We illustrated that blog with some details about our S-102 trials in collaboration with Port of London Authority and SEAiq Pilot – including the first real-world S-102 sea trial in the UK, which also marks the first time the UKHO has run an S-100 sea trial. Today, we would like to offer more insights into the shore trial side of the project, and highlight the benefits of these activities for the mariner and wider navigational safety.
With vessels continually increasing in size, ports are having to operate with ever decreasing safety margins, which makes the job of the pilot even more challenging when navigating in narrow, shallow passages. The key to relieving pressure in this stressful situation is access to enhanced bathymetric data, an imperative to ensure navigational safety.
In collaboration with the Port of London Authority (PLA) hydrographic services department, the UKHO recently ran a series of IHO S-102 gridded bathymetry shore-based trials, conducted with Thames pilots using the SEAiq Pilot Portable Pilot Units (PPU). The data and information collected by PLA via multibeam survey was processed by UKHO to create a number of S-102 Bathymetric Surface data sets to carry out six testing scenarios.

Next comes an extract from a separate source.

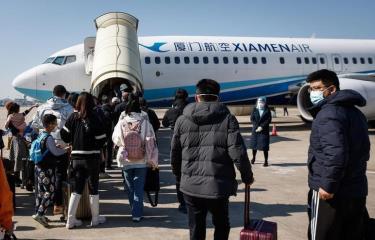 Pekín califica de "inaceptables" las restricciones a pasajeros de China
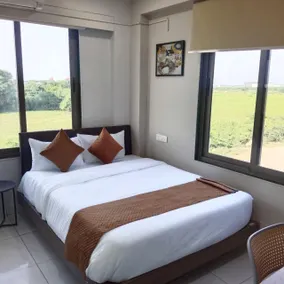 Lexora Hotel - Rum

The testing focused on different grid resolutions to better understand the optimal user experience in the SEAiq Pilot. In the morning on the day of the trial, the team focused on understanding the process that Thames pilots follow when planning to bring vessels in and out of berth, following the IMO guidelines on Voyage Planning of appraisal, planning, execution and monitoring. This session was very insightful and helped the UKHO UX team to map the pilots journey to identify the current issues in the process and establish how the display of S-102 data in the SEAiq Pilot can support vessel conflict management and better under keel clearance. The trial proved that with more precise understanding of the bathymetry, pilots are able to plan in greater detail, improving vessel safety and ensuring vessels arrive on berth at the required times.
The afternoon session centred around stepping through each of the six S-102 testing scenarios and reviewing the display of the data in the SEAiq Pilot. During the process of analysing the data, the group of pilots unanimously agreed that the 100m grid was insufficient for navigating the Thames and that a higher grid resolution was required, and it was established that the most appropriate level of detail was achieved when using a 10m grid in SEAiq.
For the next phase of the project, the UKHO will create a 10m S-102 Bathymetric Surface data set from the pilot boarding point in the Thames estuary to the vessel berth at Purfleet. In addition, a 2m grid S-102 data set will be produced at the berth to give the pilot a precise view to manage vessel manoeuvrability during the docking phase.
The final stage of the process will entail a live sea trial with the Thames pilots using the data to navigate a vessel into berth, and the results will be used to feedback into the IHO standards-setting process and support the development of the PPU software.
The work that the UKHO is progressing in the S-100 space, both independently and in collaboration with manufacturers, mariners, port authorities and others, is crucial for the evolution, advancement, and user case of the S-100 data standards, which are still in their development cycle. S-100 will be transformative for marine navigational data and will therefore have important ramifications for commercial shipping too. We understand the implications and the responsibility that we hold as part of this journey, and remain excited and optimistic for the future and the opportunities that S-100 will unlock.